Année politique Suisse 1985 : Chronique générale / Défense nationale
 
Zivildienst
Die Zahl der Verurteilungen wegen Dienstverweigerung nahm 1985 erstmals seit 1980 wieder ab und fiel mit 686 (1984: 788) unter den Stand von 1982. Es wurde freilich darauf hingewiesen, dass eine zunehmende Ausmusterung aus psychischen Gründen die Möglichkeit einer versteckten Dienstverweigerung biete, die in der Statistik nicht sichtbar werde. Diese wies 268 Begründungen mit ethischer oder religiöser Gewissensnot aus, von denen 143 anerkannt wurden (1984: 347 bzw. 234) [38].

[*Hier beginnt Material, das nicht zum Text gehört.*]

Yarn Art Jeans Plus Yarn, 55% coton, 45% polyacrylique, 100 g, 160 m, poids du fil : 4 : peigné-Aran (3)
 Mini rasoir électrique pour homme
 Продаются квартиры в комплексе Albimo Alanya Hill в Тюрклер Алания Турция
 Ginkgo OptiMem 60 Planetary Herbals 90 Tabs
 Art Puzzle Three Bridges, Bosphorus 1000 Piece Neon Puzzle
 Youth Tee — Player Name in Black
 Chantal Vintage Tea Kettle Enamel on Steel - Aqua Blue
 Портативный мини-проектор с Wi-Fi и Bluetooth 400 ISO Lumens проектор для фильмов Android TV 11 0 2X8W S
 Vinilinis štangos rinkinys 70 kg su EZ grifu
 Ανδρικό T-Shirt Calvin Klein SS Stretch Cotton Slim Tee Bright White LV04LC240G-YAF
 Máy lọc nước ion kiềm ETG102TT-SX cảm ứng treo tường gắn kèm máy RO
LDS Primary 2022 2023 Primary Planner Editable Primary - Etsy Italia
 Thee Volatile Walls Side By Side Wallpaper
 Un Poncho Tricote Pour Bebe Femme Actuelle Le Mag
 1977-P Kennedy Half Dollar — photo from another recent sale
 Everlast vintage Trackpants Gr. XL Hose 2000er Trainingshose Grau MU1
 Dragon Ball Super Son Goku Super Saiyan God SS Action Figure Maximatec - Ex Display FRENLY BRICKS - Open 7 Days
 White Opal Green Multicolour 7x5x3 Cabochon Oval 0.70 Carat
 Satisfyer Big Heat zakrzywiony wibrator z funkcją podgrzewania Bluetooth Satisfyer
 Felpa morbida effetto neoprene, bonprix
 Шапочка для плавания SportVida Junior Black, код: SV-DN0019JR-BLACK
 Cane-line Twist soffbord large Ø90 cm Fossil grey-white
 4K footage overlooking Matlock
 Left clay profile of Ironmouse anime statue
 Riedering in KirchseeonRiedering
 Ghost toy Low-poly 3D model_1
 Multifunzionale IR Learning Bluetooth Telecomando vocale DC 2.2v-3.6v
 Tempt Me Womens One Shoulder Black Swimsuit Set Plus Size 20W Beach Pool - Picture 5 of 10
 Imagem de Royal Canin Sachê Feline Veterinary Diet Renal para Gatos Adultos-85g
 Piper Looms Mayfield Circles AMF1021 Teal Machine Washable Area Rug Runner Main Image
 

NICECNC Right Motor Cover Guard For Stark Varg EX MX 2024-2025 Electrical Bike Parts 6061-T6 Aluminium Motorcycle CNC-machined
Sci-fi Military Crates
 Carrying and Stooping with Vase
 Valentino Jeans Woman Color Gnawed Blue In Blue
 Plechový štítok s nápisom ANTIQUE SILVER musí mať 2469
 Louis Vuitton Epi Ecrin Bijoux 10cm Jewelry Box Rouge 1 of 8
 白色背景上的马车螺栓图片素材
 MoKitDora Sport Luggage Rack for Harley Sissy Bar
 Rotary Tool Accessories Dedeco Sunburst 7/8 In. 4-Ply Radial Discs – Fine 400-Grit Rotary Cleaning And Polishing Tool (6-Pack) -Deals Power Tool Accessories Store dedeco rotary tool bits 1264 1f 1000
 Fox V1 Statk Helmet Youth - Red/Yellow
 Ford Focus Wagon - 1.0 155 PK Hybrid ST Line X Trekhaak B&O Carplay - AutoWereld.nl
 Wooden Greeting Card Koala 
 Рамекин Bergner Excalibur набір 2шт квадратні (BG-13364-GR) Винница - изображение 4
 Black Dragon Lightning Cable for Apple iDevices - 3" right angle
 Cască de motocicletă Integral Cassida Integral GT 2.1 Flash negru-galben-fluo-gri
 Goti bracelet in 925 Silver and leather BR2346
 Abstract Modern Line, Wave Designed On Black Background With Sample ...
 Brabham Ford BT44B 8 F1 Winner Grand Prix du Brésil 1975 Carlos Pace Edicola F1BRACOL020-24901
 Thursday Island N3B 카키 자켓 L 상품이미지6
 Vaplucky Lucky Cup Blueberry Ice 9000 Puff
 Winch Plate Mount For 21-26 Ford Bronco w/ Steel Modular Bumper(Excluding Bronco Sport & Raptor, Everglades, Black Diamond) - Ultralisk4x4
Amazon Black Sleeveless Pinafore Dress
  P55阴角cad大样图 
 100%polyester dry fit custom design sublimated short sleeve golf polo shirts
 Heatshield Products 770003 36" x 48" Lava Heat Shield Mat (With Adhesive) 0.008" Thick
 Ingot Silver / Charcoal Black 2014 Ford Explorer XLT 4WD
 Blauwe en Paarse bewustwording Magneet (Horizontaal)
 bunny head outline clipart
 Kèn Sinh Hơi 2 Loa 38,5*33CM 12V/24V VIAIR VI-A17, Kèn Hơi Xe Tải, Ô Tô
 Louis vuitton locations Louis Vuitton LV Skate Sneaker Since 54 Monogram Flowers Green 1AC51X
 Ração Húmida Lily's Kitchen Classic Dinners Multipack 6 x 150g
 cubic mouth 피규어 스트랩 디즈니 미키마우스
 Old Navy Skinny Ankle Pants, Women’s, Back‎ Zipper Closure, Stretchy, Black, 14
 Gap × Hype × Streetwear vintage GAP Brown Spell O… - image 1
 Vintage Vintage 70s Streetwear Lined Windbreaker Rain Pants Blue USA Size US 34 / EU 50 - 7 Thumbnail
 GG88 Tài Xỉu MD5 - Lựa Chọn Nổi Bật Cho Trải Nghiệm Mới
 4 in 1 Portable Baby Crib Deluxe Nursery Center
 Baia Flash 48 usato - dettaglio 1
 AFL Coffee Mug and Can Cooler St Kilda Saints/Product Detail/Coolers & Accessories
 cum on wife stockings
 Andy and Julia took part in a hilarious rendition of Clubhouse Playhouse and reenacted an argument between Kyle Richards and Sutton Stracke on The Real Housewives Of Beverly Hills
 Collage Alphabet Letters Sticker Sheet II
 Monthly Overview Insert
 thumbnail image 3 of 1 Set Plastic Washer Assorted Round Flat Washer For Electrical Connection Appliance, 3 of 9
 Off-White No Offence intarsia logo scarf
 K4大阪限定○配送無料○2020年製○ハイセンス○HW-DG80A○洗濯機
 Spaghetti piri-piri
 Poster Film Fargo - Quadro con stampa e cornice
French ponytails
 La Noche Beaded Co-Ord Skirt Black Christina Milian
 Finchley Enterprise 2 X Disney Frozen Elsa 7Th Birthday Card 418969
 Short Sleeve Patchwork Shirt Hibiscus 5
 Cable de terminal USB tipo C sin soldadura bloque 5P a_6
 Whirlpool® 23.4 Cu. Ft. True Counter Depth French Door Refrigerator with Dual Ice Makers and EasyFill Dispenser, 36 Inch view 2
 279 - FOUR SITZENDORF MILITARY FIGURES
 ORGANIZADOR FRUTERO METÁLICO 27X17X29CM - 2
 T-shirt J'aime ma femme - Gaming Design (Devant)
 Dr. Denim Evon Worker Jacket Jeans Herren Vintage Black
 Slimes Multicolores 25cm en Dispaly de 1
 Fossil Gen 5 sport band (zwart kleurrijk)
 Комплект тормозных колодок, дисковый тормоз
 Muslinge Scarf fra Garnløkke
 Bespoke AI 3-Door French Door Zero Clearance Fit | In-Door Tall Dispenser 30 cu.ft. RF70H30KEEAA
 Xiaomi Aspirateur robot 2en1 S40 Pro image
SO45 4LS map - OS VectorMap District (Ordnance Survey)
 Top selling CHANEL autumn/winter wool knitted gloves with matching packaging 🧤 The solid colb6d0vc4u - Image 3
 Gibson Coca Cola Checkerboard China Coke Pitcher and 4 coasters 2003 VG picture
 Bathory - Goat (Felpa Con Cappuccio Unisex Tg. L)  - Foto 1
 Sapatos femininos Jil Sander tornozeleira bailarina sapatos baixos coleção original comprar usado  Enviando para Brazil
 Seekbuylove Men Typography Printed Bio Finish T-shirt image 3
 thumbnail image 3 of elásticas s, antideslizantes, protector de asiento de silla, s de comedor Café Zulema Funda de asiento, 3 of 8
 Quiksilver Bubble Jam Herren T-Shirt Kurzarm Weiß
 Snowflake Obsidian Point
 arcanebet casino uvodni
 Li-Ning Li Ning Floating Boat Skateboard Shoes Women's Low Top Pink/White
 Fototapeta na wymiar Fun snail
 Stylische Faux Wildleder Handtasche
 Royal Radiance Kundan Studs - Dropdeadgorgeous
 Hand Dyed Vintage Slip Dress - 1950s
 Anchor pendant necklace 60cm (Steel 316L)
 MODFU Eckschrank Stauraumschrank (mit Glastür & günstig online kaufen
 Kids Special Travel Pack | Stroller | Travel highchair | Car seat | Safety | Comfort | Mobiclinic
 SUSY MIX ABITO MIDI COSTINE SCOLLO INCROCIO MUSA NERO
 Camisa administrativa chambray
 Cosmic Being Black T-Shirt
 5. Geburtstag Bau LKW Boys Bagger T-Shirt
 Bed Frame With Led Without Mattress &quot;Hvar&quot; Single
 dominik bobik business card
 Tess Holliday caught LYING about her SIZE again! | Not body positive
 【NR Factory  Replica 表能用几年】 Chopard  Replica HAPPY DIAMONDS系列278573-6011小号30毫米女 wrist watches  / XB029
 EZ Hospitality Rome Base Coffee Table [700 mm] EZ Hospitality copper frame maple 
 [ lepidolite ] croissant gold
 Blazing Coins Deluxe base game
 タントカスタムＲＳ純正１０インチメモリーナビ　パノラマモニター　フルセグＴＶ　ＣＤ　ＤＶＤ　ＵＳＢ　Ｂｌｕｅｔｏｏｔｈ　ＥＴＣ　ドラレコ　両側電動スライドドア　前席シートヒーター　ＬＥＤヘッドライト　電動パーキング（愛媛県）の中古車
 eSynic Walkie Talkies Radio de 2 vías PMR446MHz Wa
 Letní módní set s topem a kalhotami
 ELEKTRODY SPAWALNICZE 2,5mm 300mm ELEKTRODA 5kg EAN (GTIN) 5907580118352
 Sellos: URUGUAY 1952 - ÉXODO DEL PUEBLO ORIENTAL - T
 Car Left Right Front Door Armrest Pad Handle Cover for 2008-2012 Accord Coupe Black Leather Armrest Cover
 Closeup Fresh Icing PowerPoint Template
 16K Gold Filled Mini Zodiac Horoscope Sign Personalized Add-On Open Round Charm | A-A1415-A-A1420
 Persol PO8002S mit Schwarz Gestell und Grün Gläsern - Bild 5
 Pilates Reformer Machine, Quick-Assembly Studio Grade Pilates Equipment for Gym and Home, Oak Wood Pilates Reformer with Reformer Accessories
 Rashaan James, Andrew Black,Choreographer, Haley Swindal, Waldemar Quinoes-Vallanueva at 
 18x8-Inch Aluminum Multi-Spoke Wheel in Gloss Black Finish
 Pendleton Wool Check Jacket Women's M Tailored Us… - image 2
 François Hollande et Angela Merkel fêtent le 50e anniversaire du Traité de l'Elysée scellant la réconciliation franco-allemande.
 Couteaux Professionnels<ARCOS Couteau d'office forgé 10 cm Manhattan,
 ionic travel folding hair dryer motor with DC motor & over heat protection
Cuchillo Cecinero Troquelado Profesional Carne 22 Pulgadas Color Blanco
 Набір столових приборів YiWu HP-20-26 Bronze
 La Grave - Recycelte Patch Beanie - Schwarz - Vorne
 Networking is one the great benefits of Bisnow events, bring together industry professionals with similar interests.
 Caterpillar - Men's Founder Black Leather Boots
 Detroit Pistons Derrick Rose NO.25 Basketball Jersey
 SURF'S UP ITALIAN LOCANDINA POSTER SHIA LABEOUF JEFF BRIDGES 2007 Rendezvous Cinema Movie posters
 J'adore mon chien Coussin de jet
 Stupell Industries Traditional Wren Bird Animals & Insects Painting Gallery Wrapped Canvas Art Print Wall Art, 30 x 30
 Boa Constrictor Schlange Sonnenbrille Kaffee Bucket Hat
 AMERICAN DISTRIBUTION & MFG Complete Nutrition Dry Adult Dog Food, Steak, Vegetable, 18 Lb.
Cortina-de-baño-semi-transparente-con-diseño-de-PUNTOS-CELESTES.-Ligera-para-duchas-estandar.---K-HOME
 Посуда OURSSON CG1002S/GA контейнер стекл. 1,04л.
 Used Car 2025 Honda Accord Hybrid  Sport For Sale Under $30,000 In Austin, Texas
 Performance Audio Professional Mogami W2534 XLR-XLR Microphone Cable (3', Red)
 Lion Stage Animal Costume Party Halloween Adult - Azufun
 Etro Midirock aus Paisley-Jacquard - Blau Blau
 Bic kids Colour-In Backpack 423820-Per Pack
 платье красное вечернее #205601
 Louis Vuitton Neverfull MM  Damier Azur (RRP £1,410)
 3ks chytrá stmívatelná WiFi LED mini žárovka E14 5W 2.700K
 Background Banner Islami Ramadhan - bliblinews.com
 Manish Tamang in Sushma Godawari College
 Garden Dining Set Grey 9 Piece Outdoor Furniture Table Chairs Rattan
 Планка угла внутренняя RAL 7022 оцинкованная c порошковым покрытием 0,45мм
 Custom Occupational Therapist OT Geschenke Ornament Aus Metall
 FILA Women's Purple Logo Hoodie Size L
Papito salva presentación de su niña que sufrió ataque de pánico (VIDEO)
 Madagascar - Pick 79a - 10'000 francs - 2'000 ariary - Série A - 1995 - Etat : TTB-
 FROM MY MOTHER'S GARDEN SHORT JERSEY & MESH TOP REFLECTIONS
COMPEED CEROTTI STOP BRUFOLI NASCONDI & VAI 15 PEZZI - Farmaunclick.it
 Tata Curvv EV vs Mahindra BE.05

Nach dem Scheitern der zweiten Zivildienstinitiative wurde eine Entschärfung des Problems auf zwei Wegen angestrebt. Im Frühjahr veröffentlichte eine Arbeitsgruppe der drei Landeskirchen ein neues Zivildienstmodell. Anknüpfend an den Vorschlag des Schweizerischen Evangelischen Kirchenbundes aus dem Jahre 1983 versuchte sie, die von der Initiative vertretene Idee des Tatbeweises in einer Weise zu konkretisieren, die nicht auf eine freie Wahl zwischen Militär- und Zivildienst hinauslaufen sollte. Sie sah deshalb die Einreichung eines begründeten Gesuchs mit amtlich beglaubigter Verpflichtung zum Zivildienst vor, und an die Stelle einer Überprüfung des Gewissensentscheids setzte sie eine blosse Beratung, alles vor zivilen Instanzen. Die erforderliche Verfassungsrevision gedachte sie auf parlamentarischem Wege einzuleiten [39].
Im Sommer eröffnete sodann der Bundesrat ein Vernehmlassungsverfahren über den Entwurf der Expertenkommission Barras, der eine «Entkriminalisierung» auf Gesetzesstufe erreichen soll. Danach wären die Verweigerer zwar weiterhin militärgerichtlich zu bestrafen, doch bei Erweis religiöser oder ethischer Gewissensgründe würde ihre Haft durch eine Arbeitsleistung ersetzt. Diese hätte in der Regel anderthalbmal so lange zu dauern wie die verweigerten Militärdienste und käme vor allem dem Umweltschutz, der Berglandwirtschaft oder sozialen Einrichtungen zugute. Von einem Eintrag ins Strafregister würde abgesehen. Die Stellungnahmen der konsultierten Kantone und Organisationen fielen zu einem erheblichen Teil kritisch aus. Während die beiden grossen Landeskirchen die «Aufteilung» des Gewissens beanstandeten, verlangten bürgerliche Kreise und hohe Offiziere die Einordnung des Arbeitsdienstes in den Rahmen der Gesamtverteidigung [40].
Der Bundesrat beschloss im übrigen, den Inhalt der Verordnung über den waffenlosen Dienst im Gesetz über die Militärorganisation zu verankern, und leitete auch darüber eine Vernehmlassung ein. Der mit der Zuweisung zu unbewaffneten Truppenteilen gebotene Ausweg für Dienstverweigerer soll aber kaum erleichtert werden. 1984 wurden nur noch 153 entsprechende Gesuche (1983: 201) bewilligt [41].
 
[38] Zahl der Verurteilungen: Presse vom 31.1.86. Psychiatrisch Ausgemusterte: Amtl. BulL NR, 1985, 5.1300 f.; Vr, 9.5.85; 14.10.85; für 1984 wurde deren Zahl vom BR mit rund 5200 angegeben.
[39] Presse vom 13.4.85. Kritik von zivildienstgegnerischer Seite: NZZ, 15.4.85; 16.4.85. Vgl. SPJ, 1983, S. 63 f. ; 1984, S. 60.
[40] Entwurf: Presse vom 15. bzw. 16.8.85; vgl. auch Bund, 26.6.85. Vernehmlassungen: NZZ, 20.11.85 (CVP, positiv); 7.12.85 (FDP) ; 13.12.85 (SVP und LPS) ; TW, 23.11.85 (Landeskirchen) ; vgl. auch SZ, 10.12.85 sowie ein von bürgerlichen Parlamentariern und Offizieren unterzeichnetes «Wehrpflicht-Manifest» (NZZ, 19.12.85).
[41] Gesetzliche Verankerung: NZZ, 15.8.85; vgl. auch Amtl. Bull. NR, 1985, S. 253 f., ferner SPJ, 1981, S. 53; 1982, S. 48. Bewilligungen: Presse vom 31.1.86.